1232: Brownrock Pladdy. Speed up to 22kn.
1255: alongside Portaferry Marina.
1450: underway. Speed 29kn.
1503: Bar Pladdy SCM. Turn to run for South Rock lightship. Wind: NE F3. Sea: slightly bumpy swell. Vis: 30nm. Speed 18kn.
1532: South Rock lightship.
1545: 54 27.10N 005 23.07W. Take photographs of Lord Nelson STS.
1606: Sculmartin SWM. Speed 22kn.
1628: 3.2nm off Templepatrick.
1640: Ninion Bushes PHM and through Copeland Sound. Interesting overfalls, not ugly in current wind, but could be! Once through speed to 30kn.
1710: inside Carrickfergus Marina entrance.
1720: alongside berth.
Commentary
Kim Hollamby reports:
I’d seen pictures of the improbably sited lightship Petrel, headquarters of the Down Cruising Club, and the placid waters of Ballydown Bay over which she now stands sentinel. But you have to enter the tide-scoured narrows between Rainey and Sketrick islands to truly appreciate the sanctity of the place, a hideaway within the beautiful confines of Strangford Lough.
Dublin-built in 1911, the Petrel is of traditional iron rivetted and caulked construction, which makes her something of a rarity. Thanks to the goodwill of the Commissioners of Irish Lights, the ingenuity of Down CC members and a little negotiation in the style of the country in which they reside, the 172ft vessel found herself a new career, and a much more sheltered spot to lay, in 1968, around 12 years after the club was formed.Since then it has been a question of gently changing Petrel’s innards and some aspects of her outward appearance too. But although pontoons line her flanks, the original tall signal mast has been halved to ease maintenance and a bar, lounge and stage can now be found where cramped crew quarters, generators and fuel tanks once resided, there’s plenty left of the original for the intrigued visitor to explore. Perhaps of rather more practical interest, you can take a shower on the ship, or fill up with diesel from one of the modern tanks found on her deck.

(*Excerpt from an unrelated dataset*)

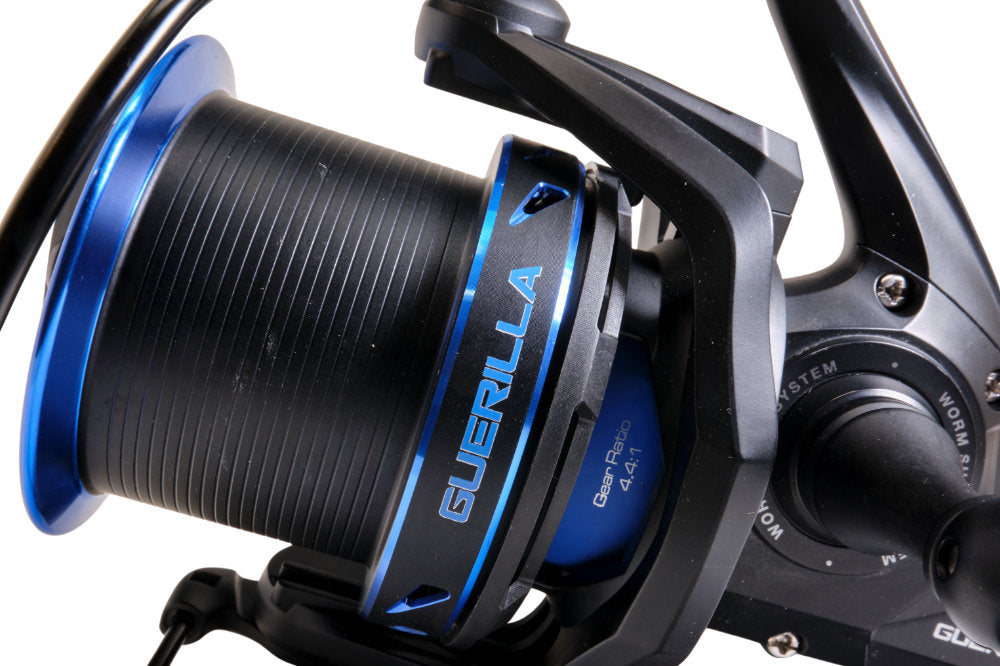 Guerilla Surf 8000 Black/Blue Reel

Close by you can find, almost equally improbably, a chandlers, and a large pub named in honour of Daft Eddy. According to local legend the poor lad was hopelessly in love with the daughter of a magistrate who was being held as a hostage by his mates. So intent on wooing was our Eddy, that he gave the game away. There’s nothing apparently daft about the way his namesake is run however and every table was full when Frank Robertson took us there to thaw out after our chilly exploration of Strangford Lough yesterday.
We have been experiencing a consistent weather pattern all week where the sun peeps out first thing in the morning and last thing at night, the rest of the day being socked in with grey cloud. I normally write these internet reports at around 7.00am, but by doing so had been missing one of the few opportunities to take photographs. So determined was I to capture Ballydorn Bay at its best that I stayed up late last night to finish off yesterday’s report and was jogged awake by the alarm, bleary-eyed but triumphant, to a sunny vista at 06.30am.